Choosing a person who should receive the money took some thought.
Panos' choice was 20-year-old Jhamaal Garrett. She didn't know him personally, but learned of him and his plight through a neighbor.
"It was scary because I was giving money to a total stranger. But knowing his background and his story, he was the most deserving person I could think of," she said.
Panos said she learned Jhamaal had lived with his grandfather for awhile until he died. Jhamaal put himself through high school and took classes at CLC and is now looking for a job. Homeless, he stayed with friends or lived in his car.
"It was so stunning that through everything, all his family trouble and not having any support, he finished school and he's trying to find a stable job," Panos said.
"Many people, when hardships strike, think it's easy to give up. He never stops, and I think he was more than deserving to get this money and show everything he's doing is important and he should keep going."
Brandl chose 17-year-old Octavio (because he is a minor, VING Project officials said they could not release his full name). They met in preschool, went to school together until fifth grade, then drifted apart. Brandl said he learned Octavio was homeless for a short time and has struggled financially, but he never showed it.
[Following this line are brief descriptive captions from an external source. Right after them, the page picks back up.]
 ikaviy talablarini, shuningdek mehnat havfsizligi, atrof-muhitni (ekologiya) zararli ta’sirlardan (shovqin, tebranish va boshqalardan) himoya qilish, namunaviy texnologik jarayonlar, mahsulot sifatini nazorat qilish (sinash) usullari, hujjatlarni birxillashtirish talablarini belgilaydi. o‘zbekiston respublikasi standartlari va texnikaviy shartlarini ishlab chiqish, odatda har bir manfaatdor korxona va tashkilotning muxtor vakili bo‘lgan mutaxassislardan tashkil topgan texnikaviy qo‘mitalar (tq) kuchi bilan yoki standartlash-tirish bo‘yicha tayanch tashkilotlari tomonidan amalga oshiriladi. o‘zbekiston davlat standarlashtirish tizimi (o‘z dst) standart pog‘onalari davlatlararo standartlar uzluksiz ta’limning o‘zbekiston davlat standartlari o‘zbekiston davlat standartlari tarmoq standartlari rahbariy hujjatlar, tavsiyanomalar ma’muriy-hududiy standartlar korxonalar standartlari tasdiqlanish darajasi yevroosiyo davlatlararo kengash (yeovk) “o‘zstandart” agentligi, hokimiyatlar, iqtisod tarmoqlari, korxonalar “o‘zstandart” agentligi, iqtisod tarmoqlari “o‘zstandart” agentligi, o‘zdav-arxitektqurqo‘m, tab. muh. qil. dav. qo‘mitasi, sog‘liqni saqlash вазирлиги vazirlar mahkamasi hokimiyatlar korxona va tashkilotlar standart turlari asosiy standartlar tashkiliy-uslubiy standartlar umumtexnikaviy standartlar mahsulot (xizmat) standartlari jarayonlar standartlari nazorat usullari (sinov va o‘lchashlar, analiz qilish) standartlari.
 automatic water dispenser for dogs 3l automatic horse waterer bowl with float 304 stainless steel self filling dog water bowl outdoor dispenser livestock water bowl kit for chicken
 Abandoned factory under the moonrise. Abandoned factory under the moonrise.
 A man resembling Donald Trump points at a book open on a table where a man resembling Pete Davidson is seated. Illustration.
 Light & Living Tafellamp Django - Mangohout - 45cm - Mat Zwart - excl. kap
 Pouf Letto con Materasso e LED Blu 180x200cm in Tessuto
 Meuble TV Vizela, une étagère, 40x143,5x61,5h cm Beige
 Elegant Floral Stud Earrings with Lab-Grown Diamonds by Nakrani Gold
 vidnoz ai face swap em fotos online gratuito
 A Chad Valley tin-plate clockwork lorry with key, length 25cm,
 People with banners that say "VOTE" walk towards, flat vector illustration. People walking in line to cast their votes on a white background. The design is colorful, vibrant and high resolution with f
"I felt a little guilty because I grew up with him," Brandl said. "I felt I let him down because I was focusing on my goals and my aspirations through high school and I almost forgot about my roots and forgot about the people I grew up with."
Brandl said Octavio is inspirational.
"The guy is in my exact situation with less opportunity and privilege I've been blessed to have in my life. He still makes it work and keeps it together at school. He doesn't make a show about any of his needs and makes a name for himself as a hard worker," Brandle said.
About a month after submitting their videos, Panos and Brandl received emails saying they would be able to present Jhamaal and Octavio with $1,000 each. Panos said it was exciting to see Jhamaal's reaction and to share her experience with her friends.
"I shared that I won. And they asked, 'you won?' and I said, 'Well, I didn't win, but I won, but I didn't win,'" Panos said. "It was exciting. Everyone was confused, but everyone was smiling because they knew by my reaction something awesome was about to happen."
The next step was presenting the checks to Jhamaal and Octavio. To publicize the project, a camera crew accompanied them for the presentation. Meeting Jhamaal at her neighbor's house, Panos said she was scared and unsure how he would react.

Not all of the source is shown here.